Data to use ->

● ● ● ●

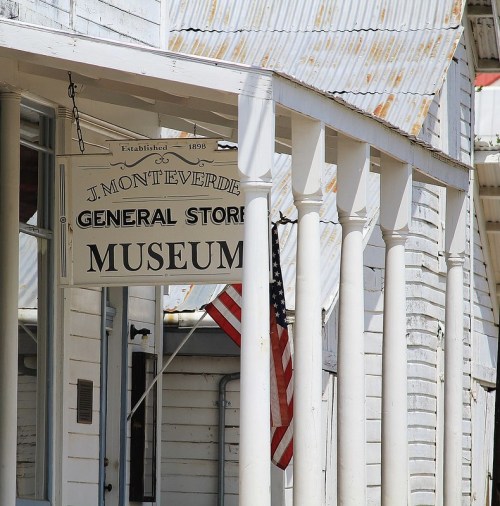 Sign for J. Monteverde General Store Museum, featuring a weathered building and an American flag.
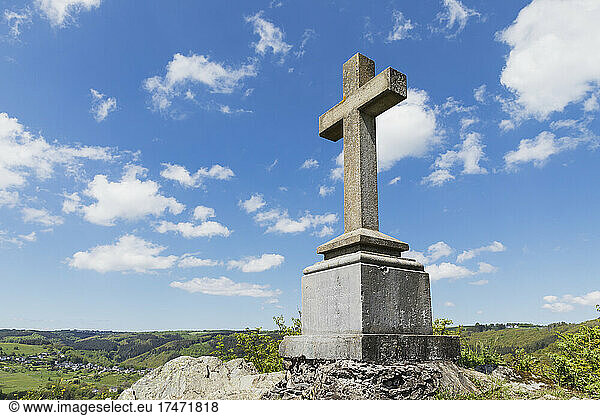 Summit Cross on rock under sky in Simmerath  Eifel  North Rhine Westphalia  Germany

● ● ● ●

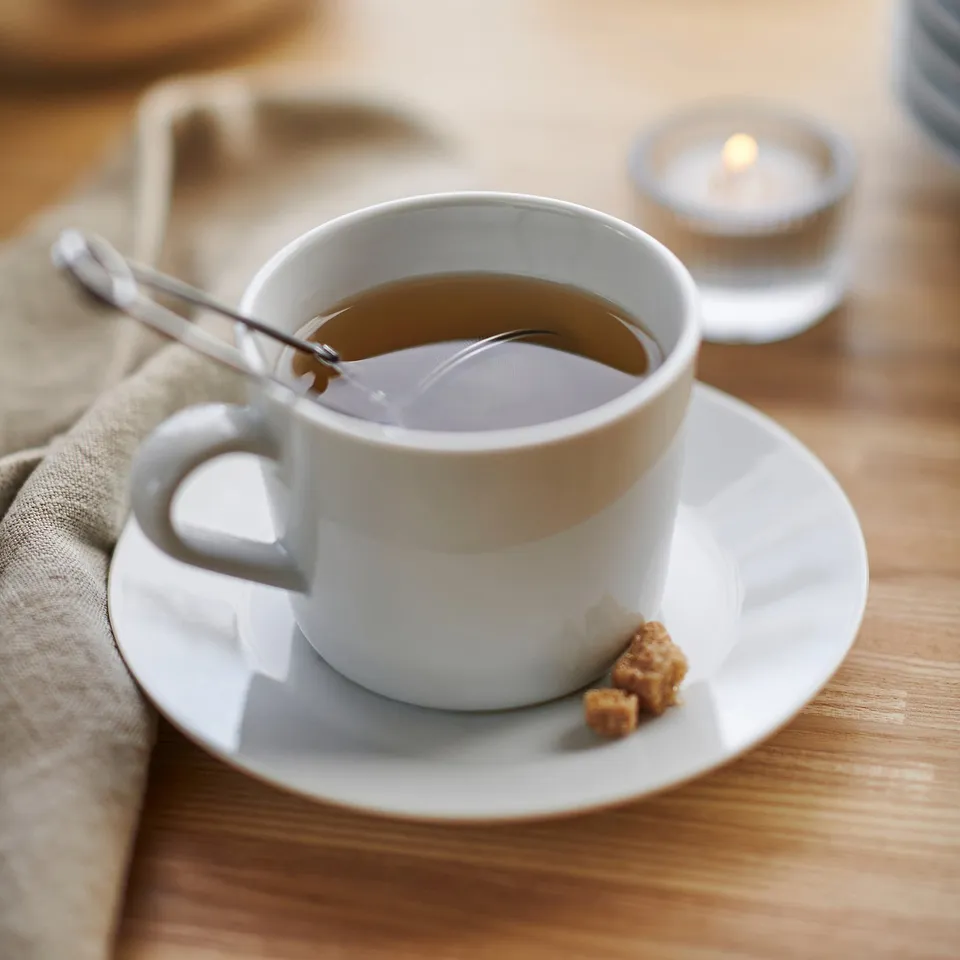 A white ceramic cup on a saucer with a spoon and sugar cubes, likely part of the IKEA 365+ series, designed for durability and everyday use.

● ● ● ●

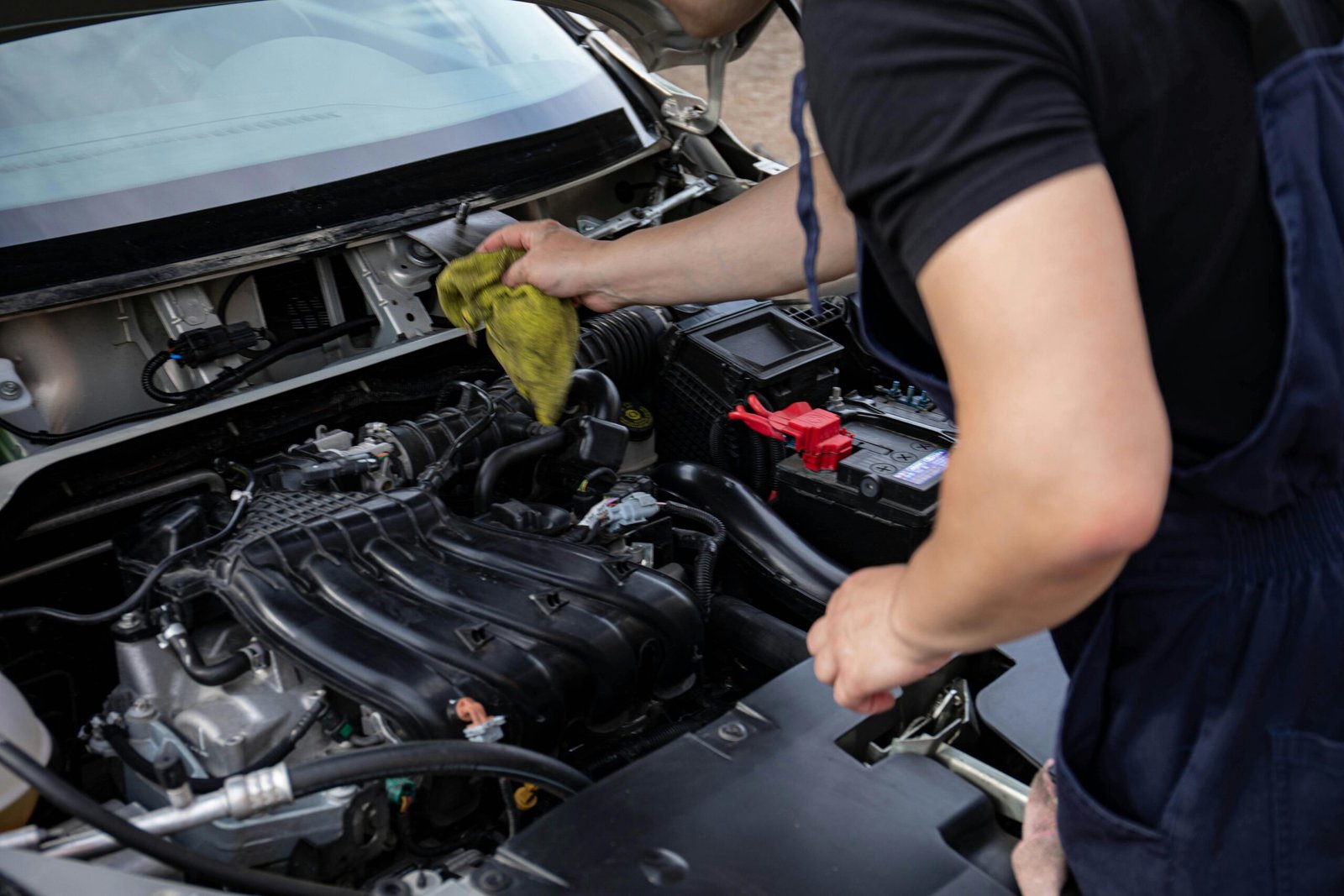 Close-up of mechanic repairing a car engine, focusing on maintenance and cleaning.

● ● ● ●

Start at the line above containing "Sign for J." and stop at the line containing "Summit Cross on": print those lines and everything between them exactly, but not the pictures.

Exercise result ->
 Sign for J. Monteverde General Store Museum, featuring a weathered building and an American flag.
 Summit Cross on rock under sky in Simmerath  Eifel  North Rhine Westphalia  Germany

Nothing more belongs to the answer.